## About this exercise
Below is a block of entries; repeat exactly the lines starting at the line that contains "熊野那智大社の参道に建つ鳥居" and ending at the line that contains "第1弾 全9種 BOXセット", both included.
*** The data ***
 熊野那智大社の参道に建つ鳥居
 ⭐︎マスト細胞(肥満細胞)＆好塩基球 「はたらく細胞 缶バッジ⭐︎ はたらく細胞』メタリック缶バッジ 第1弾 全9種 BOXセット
*** End of The data ***
*** The data ***
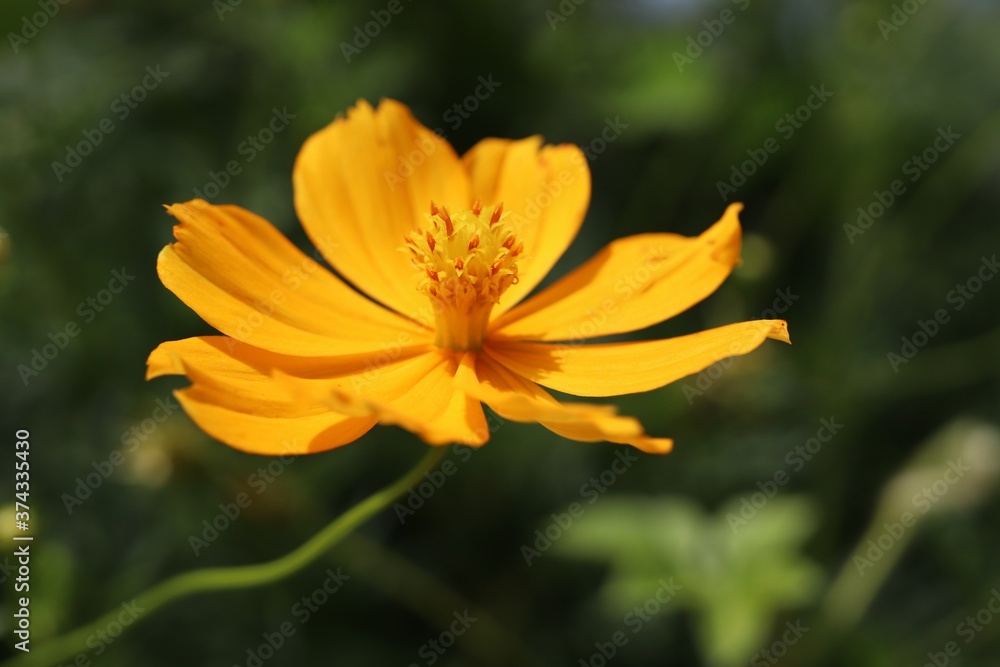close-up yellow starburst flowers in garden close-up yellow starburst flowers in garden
*** End of The data ***
## Result for this exercise
 熊野那智大社の参道に建つ鳥居
 ⭐︎マスト細胞(肥満細胞)＆好塩基球 「はたらく細胞 缶バッジ⭐︎ はたらく細胞』メタリック缶バッジ 第1弾 全9種 BOXセット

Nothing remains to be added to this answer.